▶ **YOUR GOAL**
Produce an exact copy of all the data below, dropping every image.

[Records from a collection]

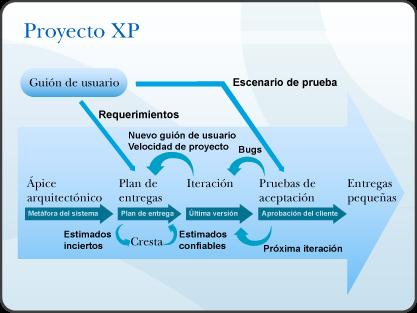 Programación Extrema (XP) Es una de las metodologías mas usadas en la actualidad, integra el cambio contínuamente, produciendo software con mejoras.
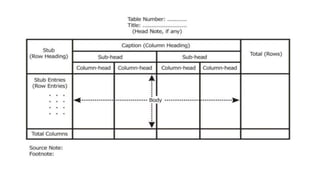 Biostatistics-C-2-Item-2pdf.pdf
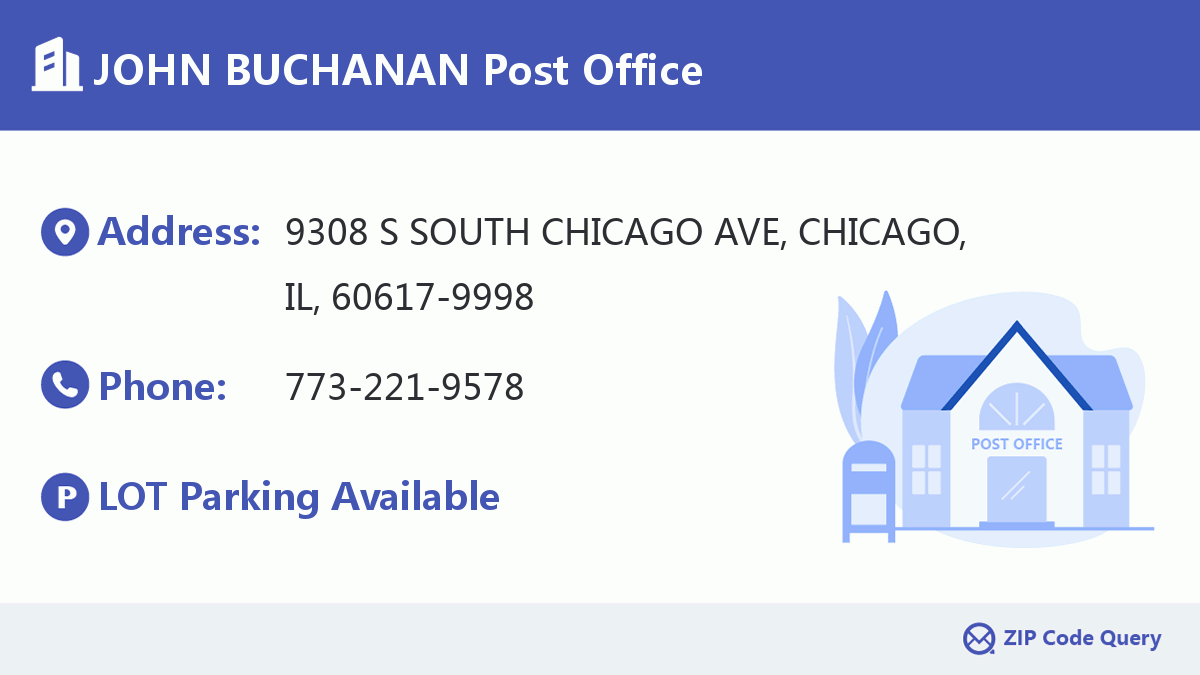 Post Office:JOHN BUCHANAN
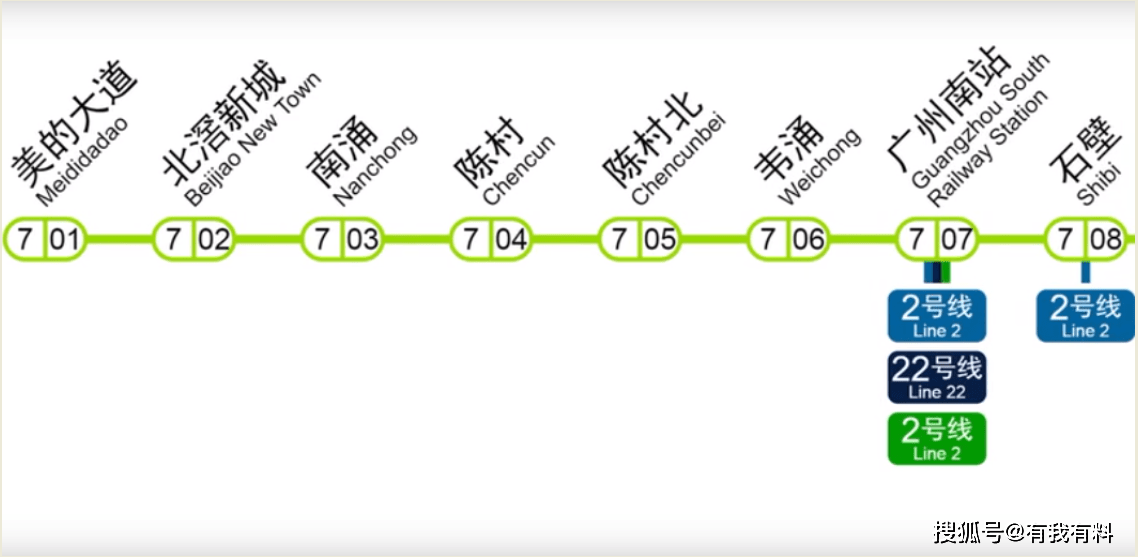 确认了!广州地铁7号线西延顺德段年内开通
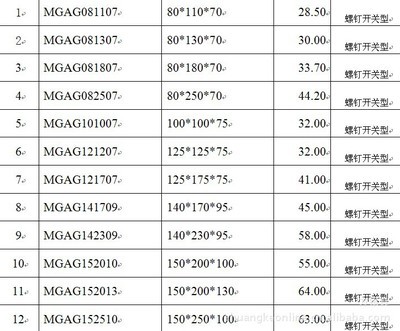 供应接线盒 金属电源接线盒 铝制接线盒 ip66接线盒MGAGE25361 - 供应接线盒 金属电源接线盒 铝制接线盒 ip66接线盒MGAGE25361厂家 - 供应接线盒 金属电源接线盒 铝制接线盒 ip66接线盒MGAGE25361价格 - 方银良 -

▶ **EXERCISE ANSWER**
 Programación Extrema (XP) Es una de las metodologías mas usadas en la actualidad, integra el cambio contínuamente, produciendo software con mejoras.
 Biostatistics-C-2-Item-2pdf.pdf
 Post Office:JOHN BUCHANAN
 确认了!广州地铁7号线西延顺德段年内开通
 供应接线盒 金属电源接线盒 铝制接线盒 ip66接线盒MGAGE25361 - 供应接线盒 金属电源接线盒 铝制接线盒 ip66接线盒MGAGE25361厂家 - 供应接线盒 金属电源接线盒 铝制接线盒 ip66接线盒MGAGE25361价格 - 方银良 -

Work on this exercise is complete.